__Entries shown__:

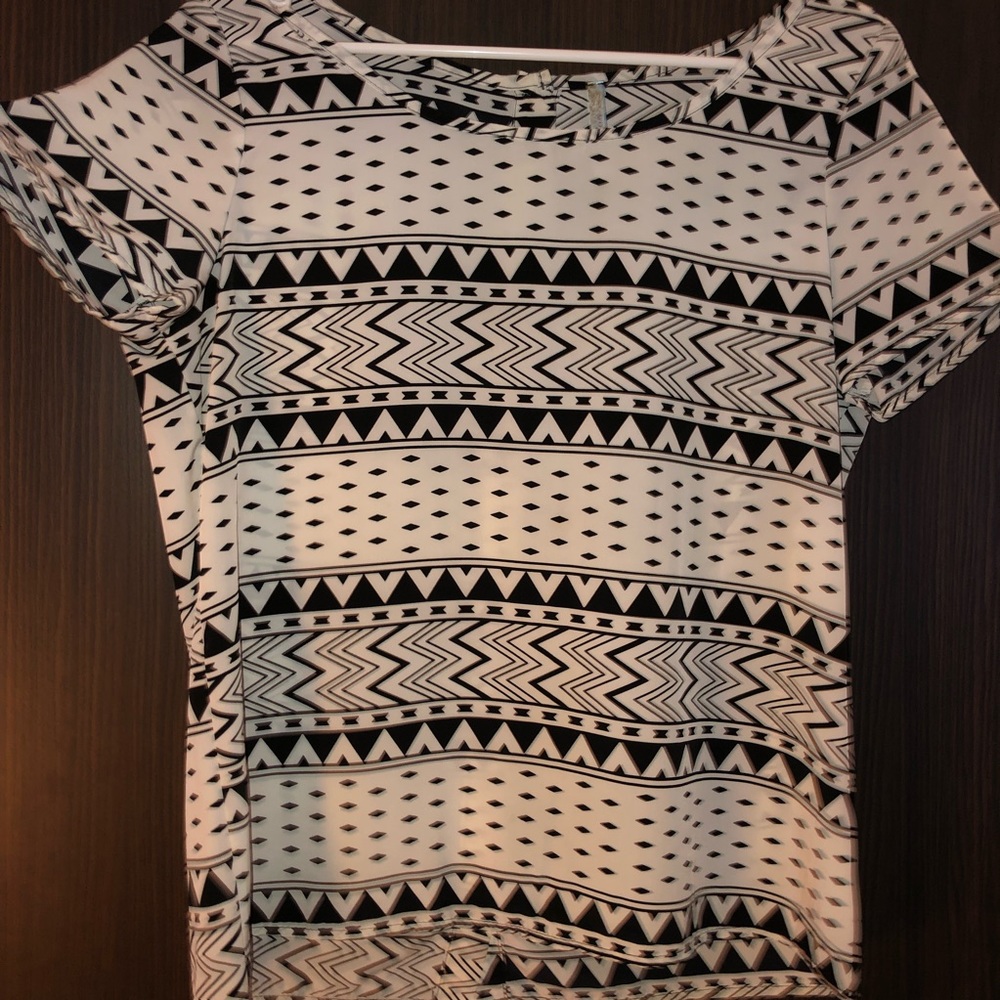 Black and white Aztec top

---

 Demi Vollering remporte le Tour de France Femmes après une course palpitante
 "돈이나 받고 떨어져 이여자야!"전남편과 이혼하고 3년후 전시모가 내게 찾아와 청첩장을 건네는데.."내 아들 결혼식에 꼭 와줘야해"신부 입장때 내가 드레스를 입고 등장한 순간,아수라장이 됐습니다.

==

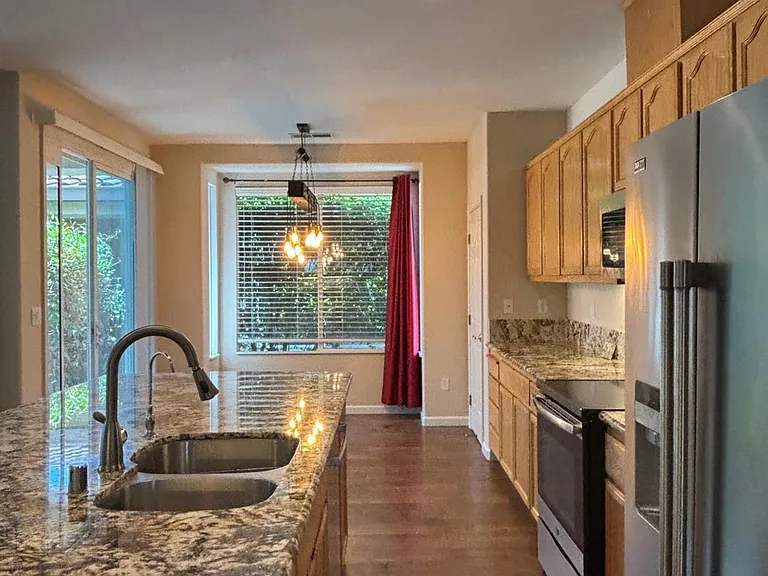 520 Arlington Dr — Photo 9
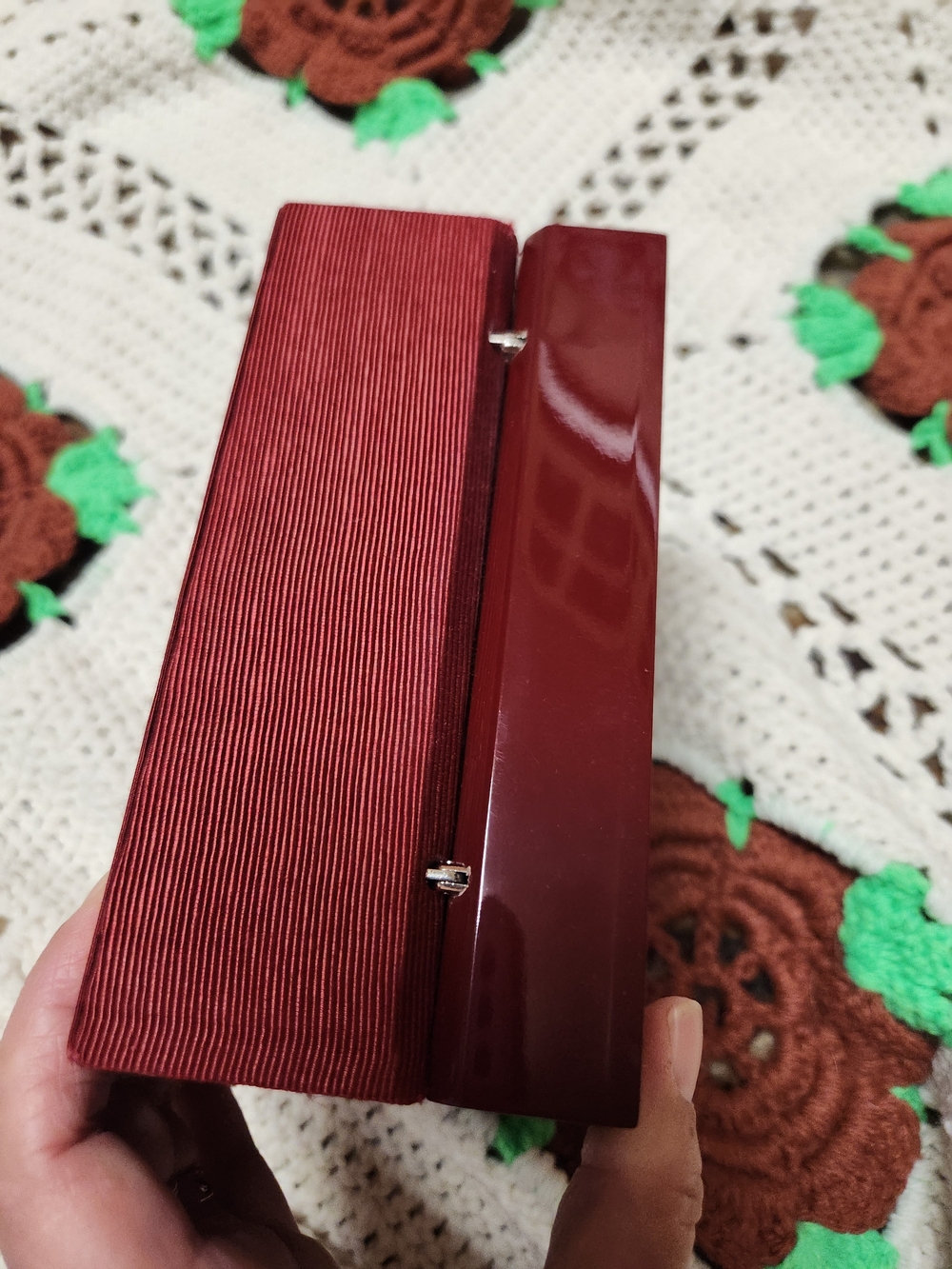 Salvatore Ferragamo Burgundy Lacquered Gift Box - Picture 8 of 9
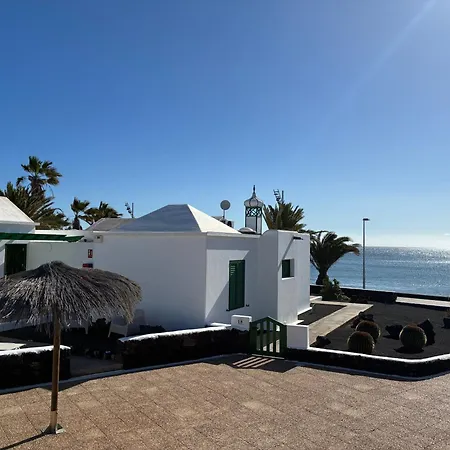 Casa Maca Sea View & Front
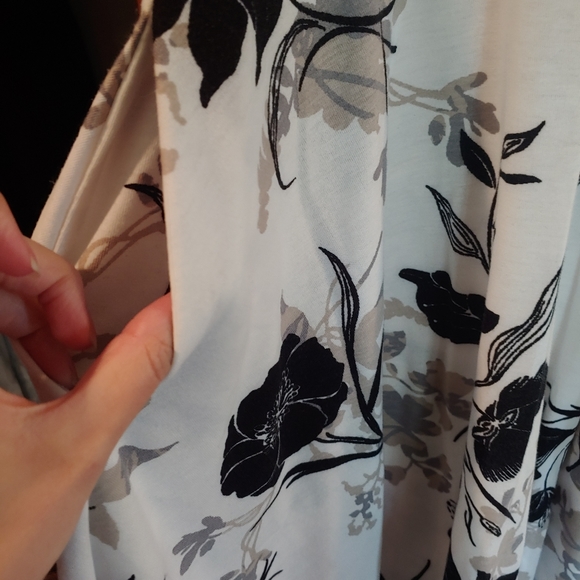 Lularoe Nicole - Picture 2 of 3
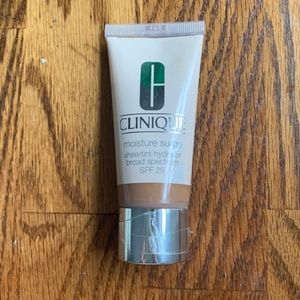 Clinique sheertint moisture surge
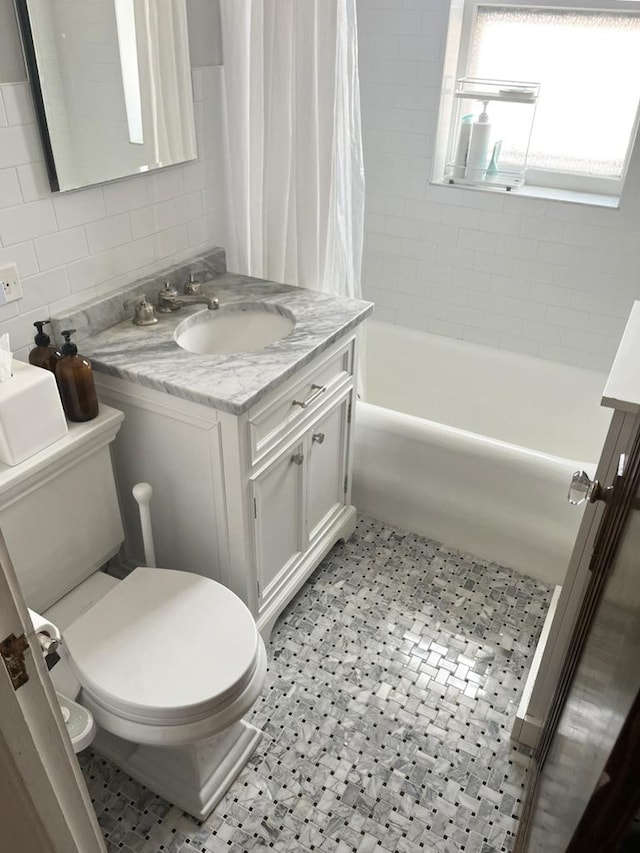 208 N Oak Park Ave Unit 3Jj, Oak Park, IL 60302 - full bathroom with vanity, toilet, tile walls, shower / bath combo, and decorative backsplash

__What the task requires__: In the records above, find the line containing "Clinique sheertint moisture surge" and the line containing "208 N Oak Park", then give both of them again word for word along with every line between. Omit any pictures.

__Result of the exercise__:
 Clinique sheertint moisture surge
 208 N Oak Park Ave Unit 3Jj, Oak Park, IL 60302 - full bathroom with vanity, toilet, tile walls, shower / bath combo, and decorative backsplash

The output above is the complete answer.